Projecting their own experience onto the rest of the world, Americans generally belittle the role of ethnic nationalism in politics. After all, in the United States people of varying ethnic origins live cheek by jowl in relative peace. Within two or three generations of immigration, their ethnic identities are attenuated by cultural assimilation and intermarriage. Surely, things cannot be so different elsewhere.

Americans also find ethnonationalism discomfiting both intellectually and morally. Social scientists go to great lengths to demonstrate that it is a product not of nature but of culture, often deliberately constructed. And ethicists scorn value systems based on narrow group identities rather than cosmopolitanism.

But none of this will make ethnonationalism go away. Immigrants to the United States usually arrive with a willingness to fit into their new country and reshape their identities accordingly. But for those who remain behind in lands where their ancestors have lived for generations, if not centuries, political identities often take ethnic form, producing competing communal claims to political power. The creation of a peaceful regional order of nation-states has usually been the product of a violent process of ethnic separation. In areas where that separation has not yet occurred, politics is apt to remain ugly.

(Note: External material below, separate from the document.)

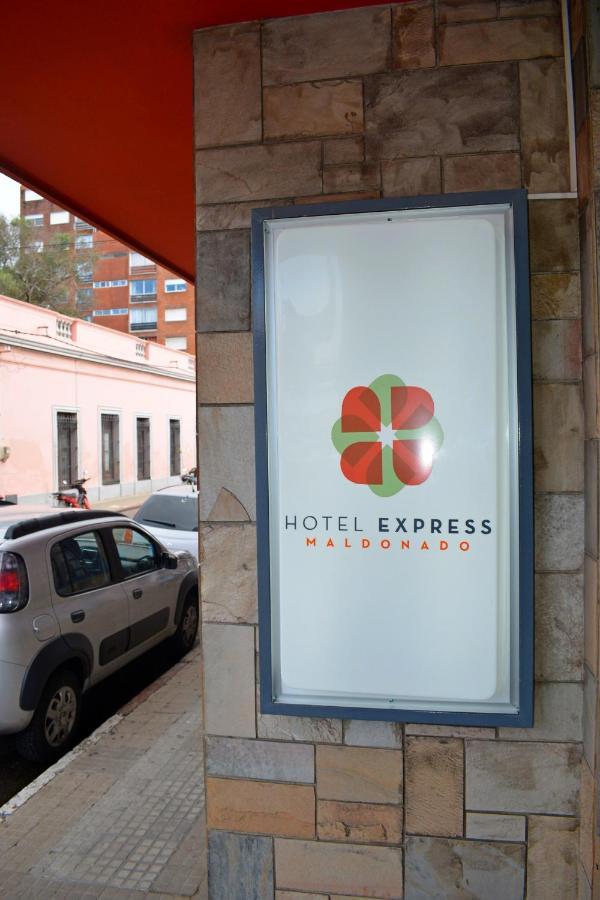 Hotel Express 말도나도 외부 사진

A familiar and influential narrative of twentieth-century European history argues that nationalism twice led to war, in 1914 and then again in 1939. Thereafter, the story goes, Europeans concluded that nationalism was a danger and gradually abandoned it. In the postwar decades, western Europeans enmeshed themselves in a web of transnational institutions, culminating in the European Union (EU). After the fall of the Soviet empire, that transnational framework spread eastward to encompass most of the continent. Europeans entered a postnational era, which was not only a good thing in itself but also a model for other regions. Nationalism, in this view, had been a tragic detour on the road to a peaceful liberal democratic order.

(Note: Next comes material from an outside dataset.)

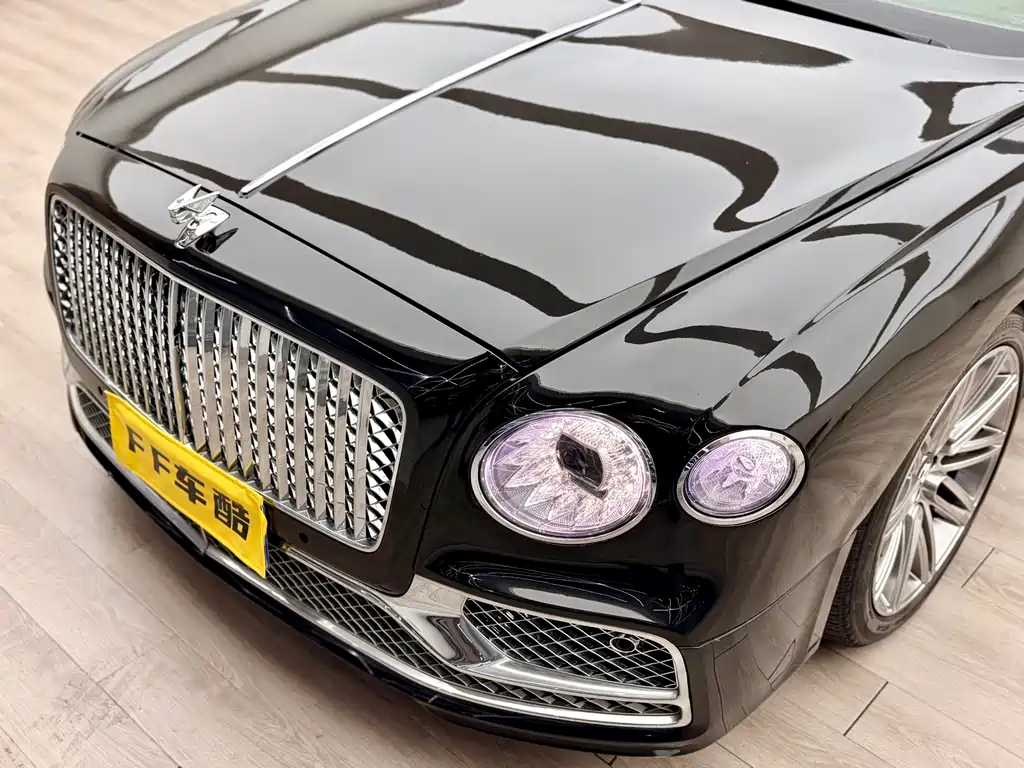 Bentley Flying Spur 2010 — фото 8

This story is widely believed by educated Europeans and even more so, perhaps, by educated Americans. Recently, for example, in the course of arguing that Israel ought to give up its claim to be a Jewish state and dissolve itself into some sort of binational entity with the Palestinians, the prominent historian Tony Judt informed the readers of The New York Review of Books that "the problem with Israel ... [is that] it has imported a characteristically late-nineteenth-century separatist project into a world that has moved on, a world of individual rights, open frontiers, and international law. The very idea of a 'Jewish state' ... is an anachronism."

Yet the experience of the hundreds of Africans and Asians who perish each year trying to get into Europe by landing on the coast of Spain or Italy reveals that Europe's frontiers are not so open. And a survey would show that whereas in 1900 there were many states in Europe without a single overwhelmingly dominant nationality, by 2007 there were only two, and one of those, Belgium, was close to breaking up. Aside from Switzerland, in other words -- where the domestic ethnic balance of power is protected by strict citizenship laws -- in Europe the "separatist project" has not so much vanished as triumphed.

Far from having been superannuated in 1945, in many respects ethnonationalism was at its apogee in the years immediately after World War II. European stability during the Cold War era was in fact due partly to the widespread fulfillment of the ethnonationalist project. And since the end of the Cold War, ethnonationalism has continued to reshape European borders. ?????????????

In short, ethnonationalism has played a more profound and lasting role in modern history than is commonly understood, and the processes that led to the dominance of the ethnonational state and the separation of ethnic groups in Europe are likely to reoccur elsewhere. Increased urbanization, literacy, and political mobilization; differences in the fertility rates and economic performance of various ethnic groups; and immigration will challenge the internal structure of states as well as their borders. Whether politically correct or not, ethnonationalism will continue to shape the world in the twenty-first century.

THE POLITICS OF IDENTITY

There are two major ways of thinking about national identity. One is that all people who live within a country's borders are part of the nation, regardless of their ethnic, racial, or religious origins. This liberal or civic nationalism is the conception with which contemporary Americans are most likely to identify. But the liberal view has competed with and often lost out to a different view, that of ethnonationalism. The core of the ethnonationalist idea is that nations are defined by a shared heritage, which usually includes a common language, a common faith, and a common ethnic ancestry.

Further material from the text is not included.